##### Data below #####

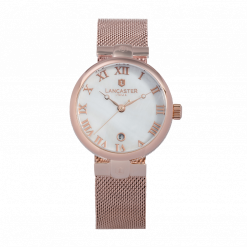 Đồng hồ Lancaster Nữ OLA0678MB/RG/BN Dây Mesh 36mm
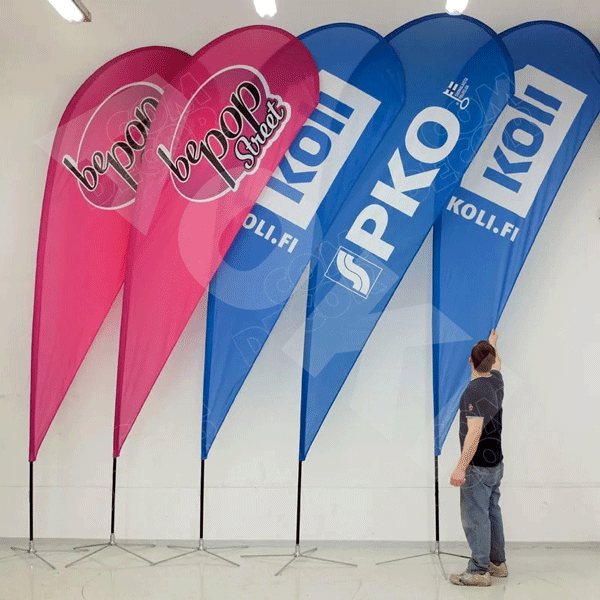 Custom Feather Flags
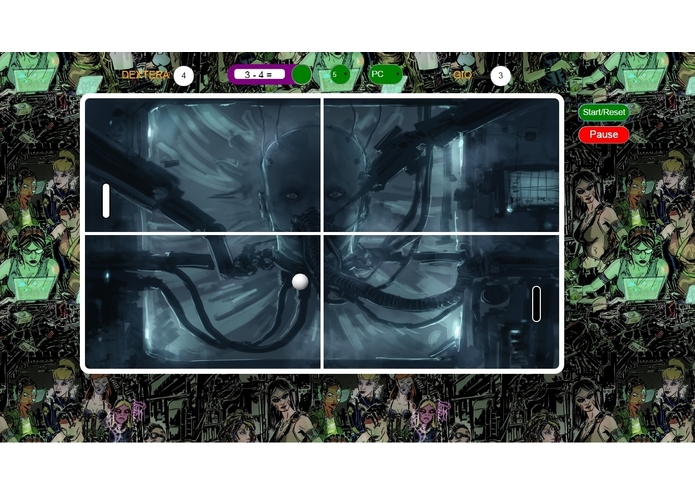 Cyber Pong – screenshot 4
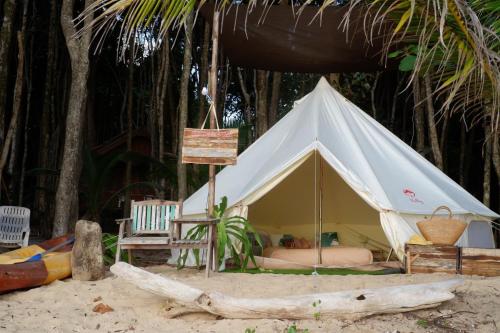 O Little Tent de Koh Chang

#####

Your goal »
Every line of the data above is to be set down word for word, with the pictures left out.

Response area »
 Đồng hồ Lancaster Nữ OLA0678MB/RG/BN Dây Mesh 36mm
 Custom Feather Flags
 Cyber Pong – screenshot 4
 O Little Tent de Koh Chang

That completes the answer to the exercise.